**Exercise data**
▬▬▬▬▬▬
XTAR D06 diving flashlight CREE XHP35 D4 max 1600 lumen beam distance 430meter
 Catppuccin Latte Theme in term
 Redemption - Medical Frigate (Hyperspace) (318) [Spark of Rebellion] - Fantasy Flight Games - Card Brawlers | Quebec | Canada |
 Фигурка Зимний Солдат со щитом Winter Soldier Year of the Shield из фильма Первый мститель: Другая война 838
▬▬▬▬▬▬
**Exercise directions**
Copy out the data exactly, keeping each line whole.

**Solution to this problem**
XTAR D06 diving flashlight CREE XHP35 D4 max 1600 lumen beam distance 430meter
 Catppuccin Latte Theme in term
 Redemption - Medical Frigate (Hyperspace) (318) [Spark of Rebellion] - Fantasy Flight Games - Card Brawlers | Quebec | Canada |
 Фигурка Зимний Солдат со щитом Winter Soldier Year of the Shield из фильма Первый мститель: Другая война 838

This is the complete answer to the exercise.